Second, Jones argues that the court relied upon impermissible factors in its
decision to depart upwards. He correctly states that an upward departure must be
based on factors relating to past criminal conduct as opposed to the offense for
which the defendant is being sentenced. See U.S. v. Adudu, 993 F.2d 821, 824
(11th Cir. 1993). The rationale behind such policy is that circumstances of the
current offense are evaluated in calculating the offense level, and, therefore,
consideration of these same factors for the criminal history category would unfairly
count them twice. See U.S. v. Jones, 948 F.2d 732, 737 (D.C. Cir. 1991), cited in
Adudu, 993 F.2d at 824. In its discussion of Jones’ likelihood for recidivism, the
district court simply noted that Jones continued, through his current convictions
and his stay in the county jail, to show a complete disregard for law and authority.
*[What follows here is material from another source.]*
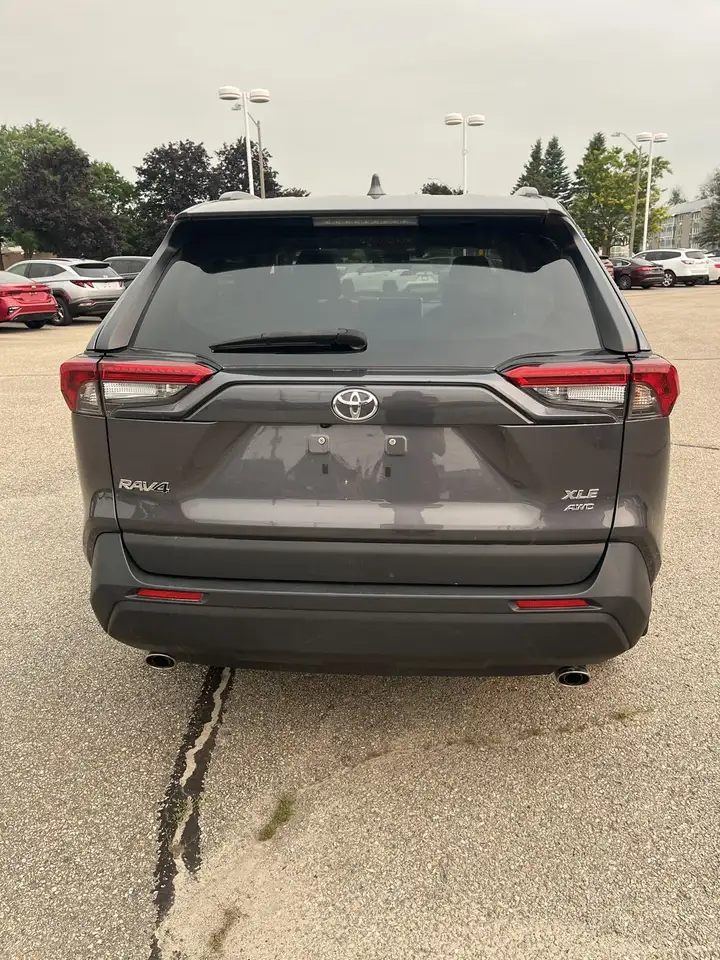 Toyota RAV 4 photo Toyota RAV 4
The court stated that “based upon [Jones’] criminal misconduct over the years,
including, of course, the subject offenses, [] he has not learned to abide by the laws
of society and is likely to recidivate.” In other words, the court acknowledged
Jones’ instant offenses only in observing that they represented the latest in a long,
sustained history of criminal activity, indicative of a high likelihood of recidivism.
12
This Court finds no other evidence that the instant offenses affected the decision of
the district court to depart upwards. In any event, this isolated statement fails to
rise to the level of an abuse of discretion, and this Court therefore holds that
impermissible factors did not prejudice the upward departure analysis.
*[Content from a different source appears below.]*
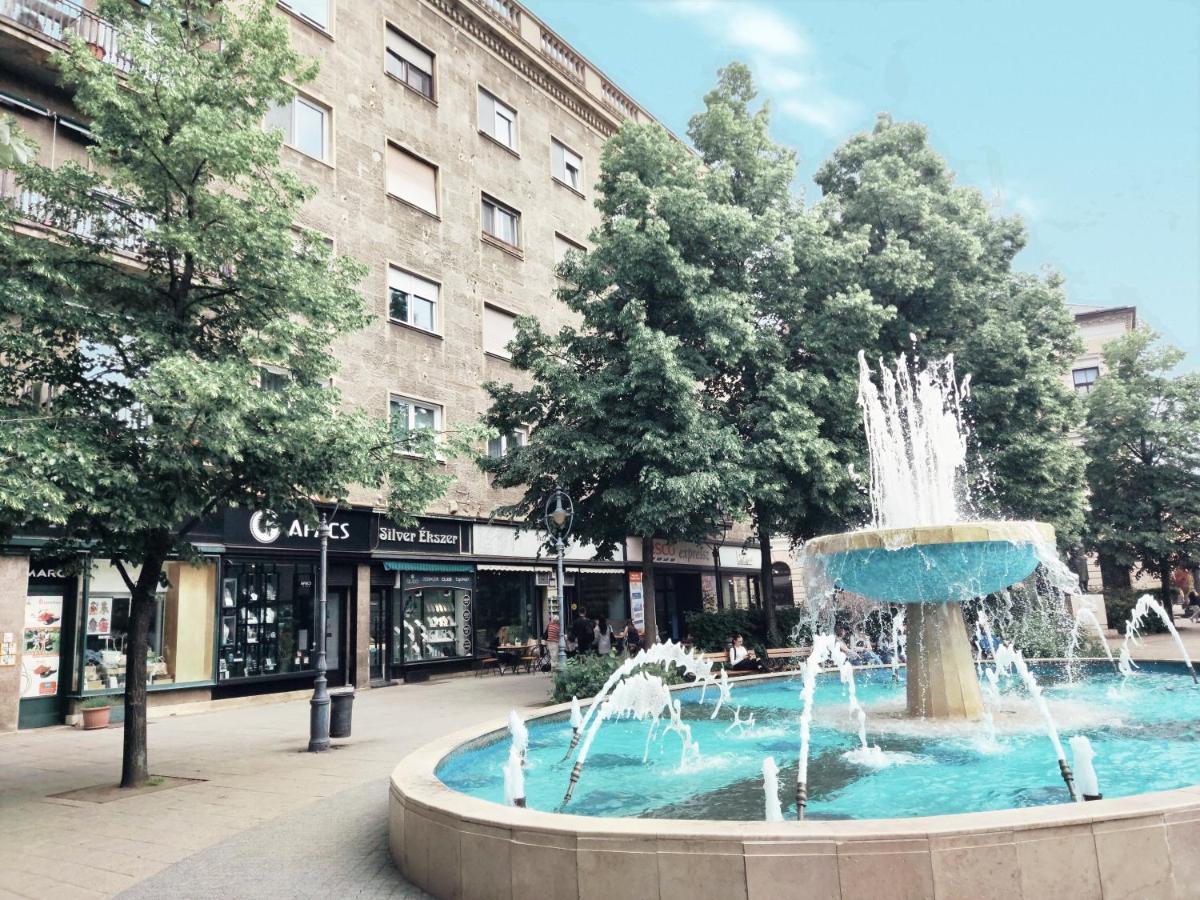 Central Palace Apartman Debrecen Kültér fotó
Third, Jones asserts that the district court found Category III appropriate,
then abused its discretion by departing upward to Category IV. The record
establishes that the court actually found that Jones’ criminal history corresponded
to Category IV, but exercised leniency in initially deciding upon Category III: "I
think I would be fully justified in finding that criminal history category IV is the
applicable criminal history category. However, I'm going to give the defendant the
benefit of the doubt and find that criminal history category III is the appropriate
criminal history category . . . ." After this finding, Jones spoke on his own behalf,
engaging in a lengthy diatribe in which he referred to the sentencing judge as, inter
alia, “an evil man,” a “Master Mason,” and “the worst.” Thereafter, the court
made the final determination to impose the two-category upward departure to
Category IV.
This Court finds that Jones’ outburst during the hearing, though highly
inflammatory and irreverent, did not taint the decision of the sentencing court to
prescribe Category IV. While the court announced the departure subsequent to
13
Jones’ testimony, in doing so, the court simply reiterated its original finding that
Jones' criminal history more accurately corresponded to Category IV. If Jones’
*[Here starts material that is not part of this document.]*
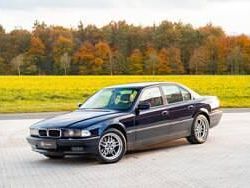 Bleu Occasion 1997 BMW 740 Berline | 29 900 €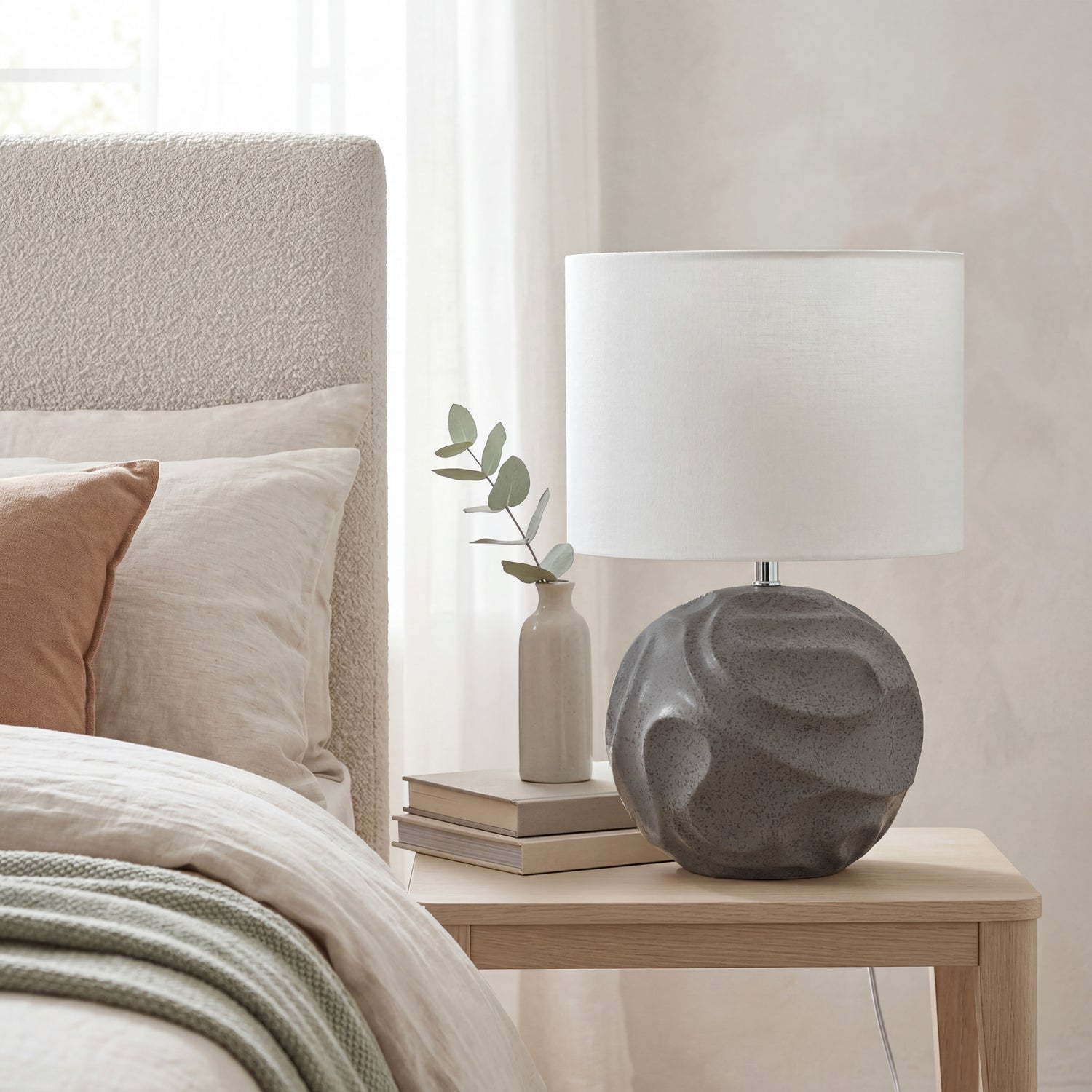 Versatile, Neutral Styling perfect for any room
conduct in court affected this decision at all, it likely only confirmed Jones’ high
likelihood of recidivism by manifesting his enduring disrespect for the judicial
system and insistence upon violating the law. Once again, this Court is well-
satisfied that the record supports the two-category departure and finds no abuse of
discretion on the part of the district court.
III. Conclusion
The district court properly ordered the immediate lump sum restitution
payment and the two-category upward departure in Jones’ criminal history
category. Accordingly, the decision below is AFFIRMED.